An FBI memo dated November 29, 1968 described a letter that the Los Angeles FBI office intended to mail to the Black Panther Party office. This letter, which was made to appear as if it had come from the Us Organization, described fictitious plans by Us to ambush BPP members. The FBI memo stated that "It is hoped this counterintelligence measure will result in an 'Us' and BPP vendetta."
—At a Black Student Union meeting at UCLA's Campbell Hall on January 17, 1969, Bunchy Carter and John Huggins, another BPP member, were heard making derogatory comments about Karenga, the founder of Organization Us. Other versions mention a heated argument between Organization Us members and Panther Elaine Brown. An altercation ensued during which Carter and Huggins were shot to death. BPP members originally insisted that the event was a planned assassination, claiming that there was a prior agreement that no guns would be brought to the meeting, that BPP members were not armed, and that Organization Us members led by Ron Karenga were.
Organization Us members maintained the meeting was a spontaneous event.
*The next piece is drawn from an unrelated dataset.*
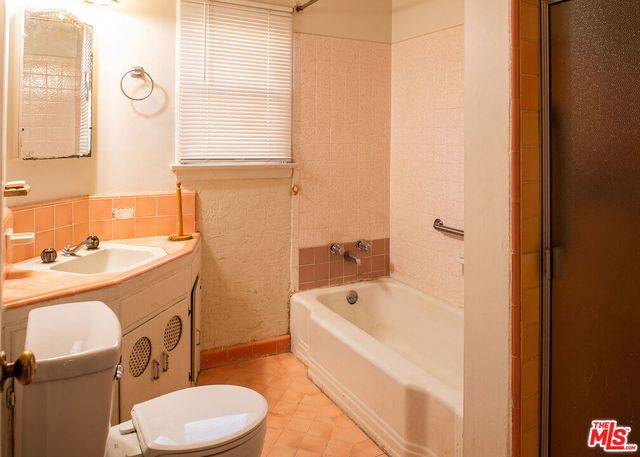 530 W 89th Street, Los Angeles, CA 90044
Former BPP deputy minister of defense Geronimo Pratt, Carter’s head of security at the time, later stated that rather than a conspiracy, the UCLA incident was a spontaneous shootout. The person who allegedly shot Carter and Huggins, Claude Hubert, was never found.
During the Church Committee hearings in 1975, evidence came to light that under the FBI's COINTELPRO actions, FBI agents had deliberately fanned flames of division and enmity between the BPP and Organization Us. Death threats and humiliating cartoons created by the FBI were sent to each group, made to look as if they originated with the other group, with the explicit intention of inciting deadly violence and division.
Following the UCLA incident, brothers George and Larry Stiner and Donald Hawkins turned themselves in to the police, who had issued warrants for their arrests. They were convicted for conspiracy to commit murder and two counts of second-degree murder, based on testimony given by BPP members. The Stiner brothers both received life sentences and Hawkins served time in California’s Youth Authority Detention.